Two days after an investigator with the Anne Arundel County state's attorney's office spoke Aug. 9 at a reunion of Donna Dustin's Bowie High School Class of 1973 in hopes of garnering new leads in the cold case, Dolores Dustin was hospital
ized with an irregular heartbeat.
Rather than keep her attached to machines, something she had said she would not have wanted, the family decided to let her go, said her husband and Donna's father, Joe Dustin. She died Thursday at age 74 at
Anne Arundel Medical Center.
"I look at it the other way," Mr. Dustin said yesterday, of his wife's inability to obtain justice in their daughter's killing. "She's going to be with her now."...
... Donna Dustin was 17 on Nov. 16, 1973, when she went on an ice cream parlor double date while her parents were at Disney World. According to court documents, she dropped her date off about 1:30 a.m. and said she "wanted to get more beer and continue partying." She was later seen at a Bowie party talking with two men and is believed to have left with them.
Her nude body was found beaten in a deserted gravel quarry in Anne Arundel County the next day, about three miles from her home. Investigators believe she was assaulted at more than one location and that there are multiple crime scenes.
Over the years, investigators have questioned more than 200 people. Sixteen men have provided DNA samples, and a few witnesses have been brought before a grand jury. But no one has been indicted.
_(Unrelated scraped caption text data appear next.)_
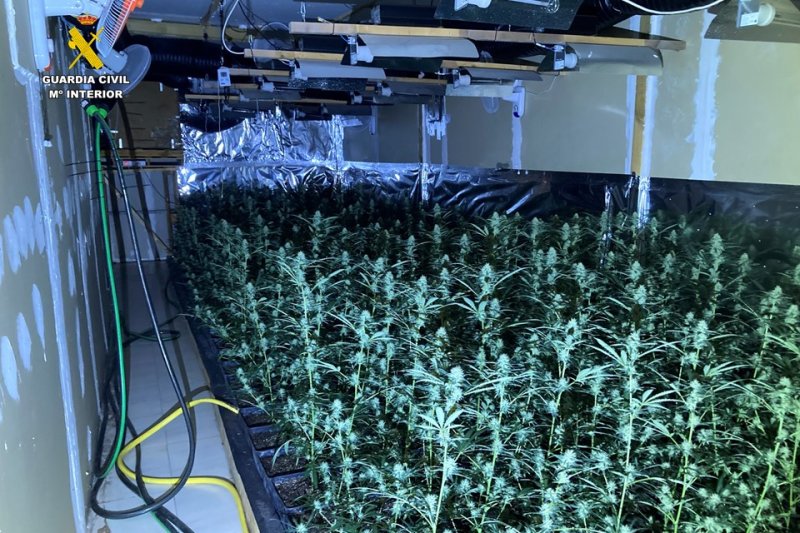 La Guardia Civil desmantela un cultivo con más de 2.400 plantas de marihuana en Els Poblets  La Guardia Civil desmantela un cultivo con más de 2.400 plantas de marihuana en Els Poblets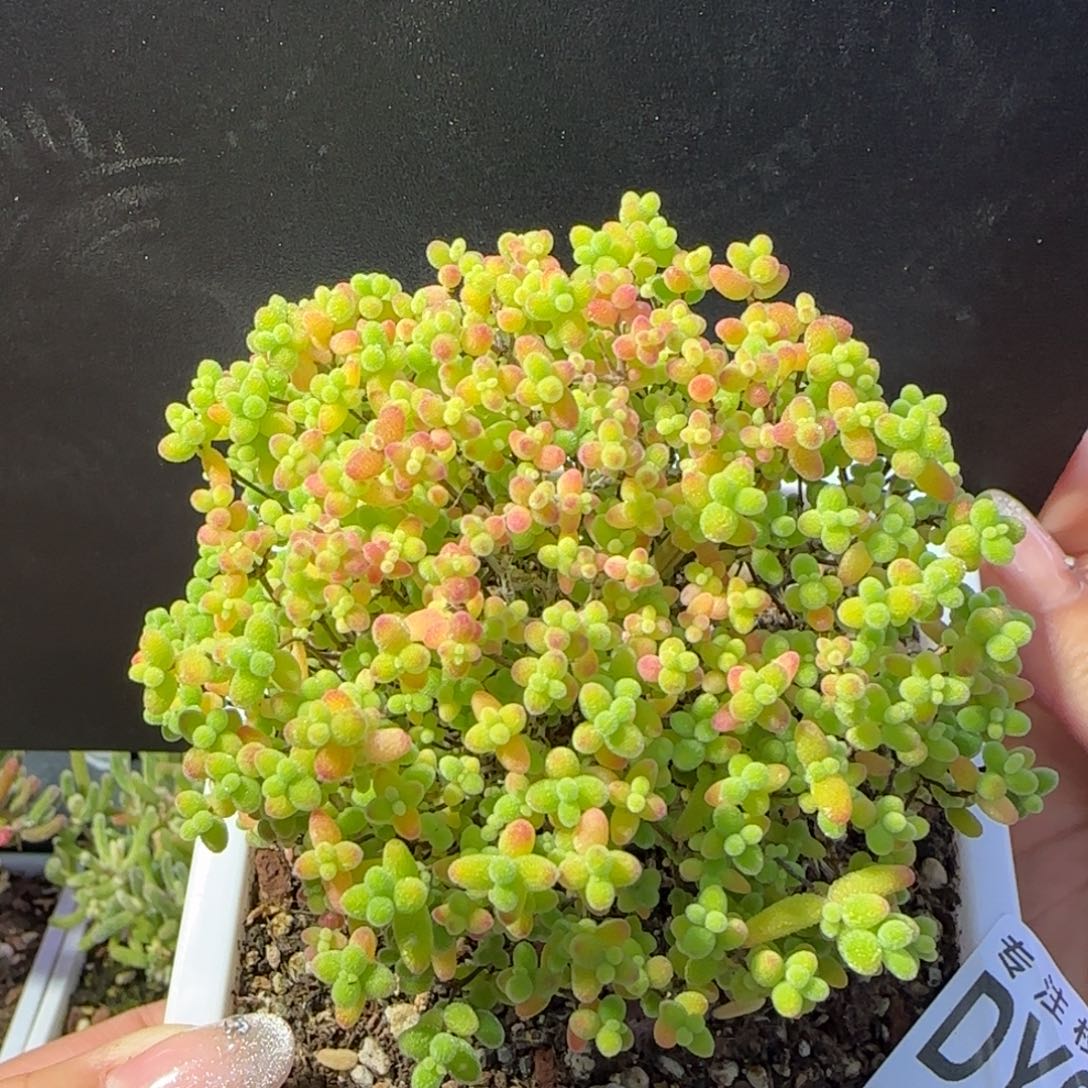 dy0548精控蜜橘冠服8.5开播福利
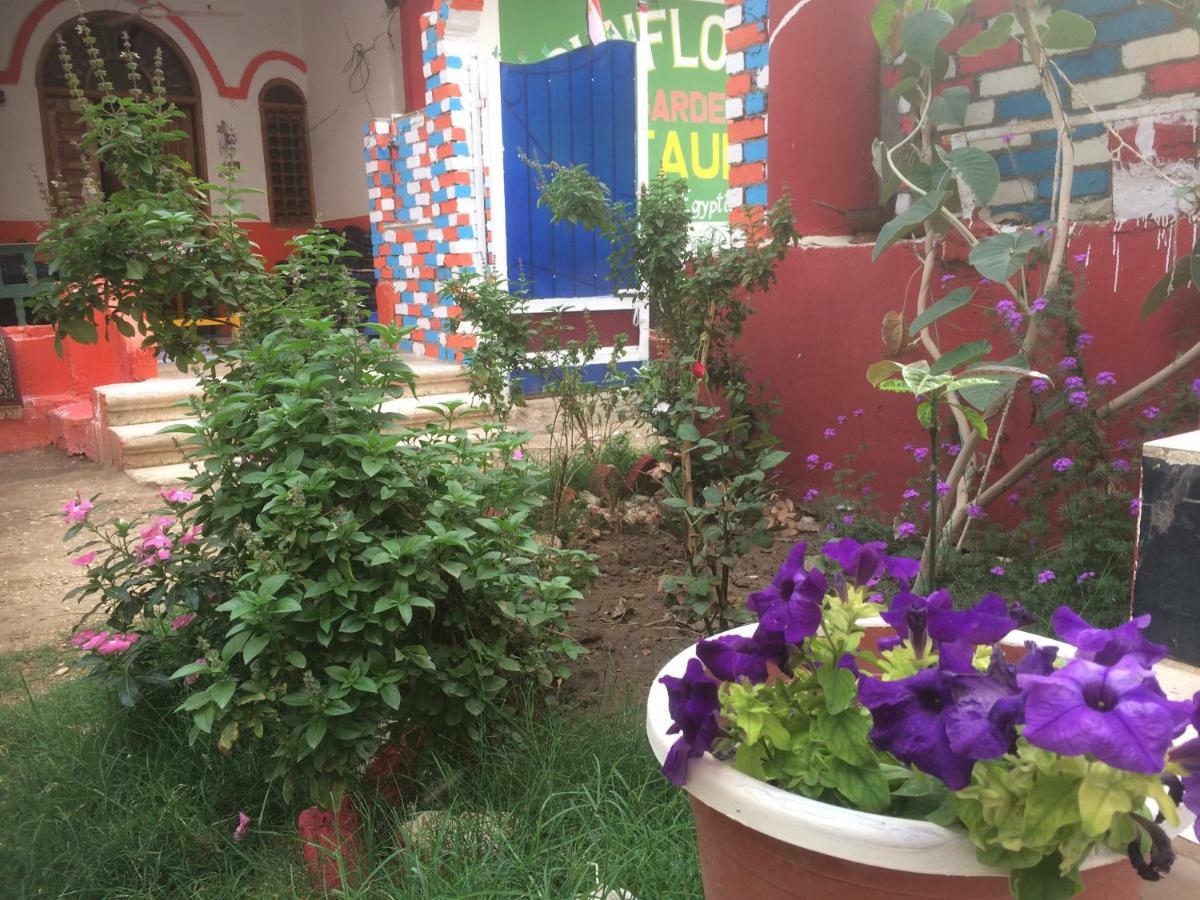 Sunflower Guest House Luxor West Bank المظهر الخارجي الصورة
Capt. David Waltemeyer, commander of the Criminal Investigations Division of the Anne Arundel County Police Department, said yesterday that the reunion visit by investigator David Cordle yielded "no new information" but did provide "additional names of some people we might want to talk to that we haven't talked to."
"Our goal is to give family members the answers. And when one of them dies before you do that, it's certainly upsetting. But it doesn't deter us from continuing to pursue the case," Captain Waltemeyer said.
Mrs. Dustin was born in Washington in 1934. She lived for a short time in Philadelphia and was raised mostly in Cheverly, in Prince George's County. In 1954, she married Joe Dustin. In addition to her husband, she is survived by a son, Allen Dustin II; four grandchildren; and one great-grandchild.
A housewife, she struggled after the death of her daughter. She displayed a large photo of her daughter in the family room, and she talked about her often.
"There was almost never a day she didn't cry," her husband said.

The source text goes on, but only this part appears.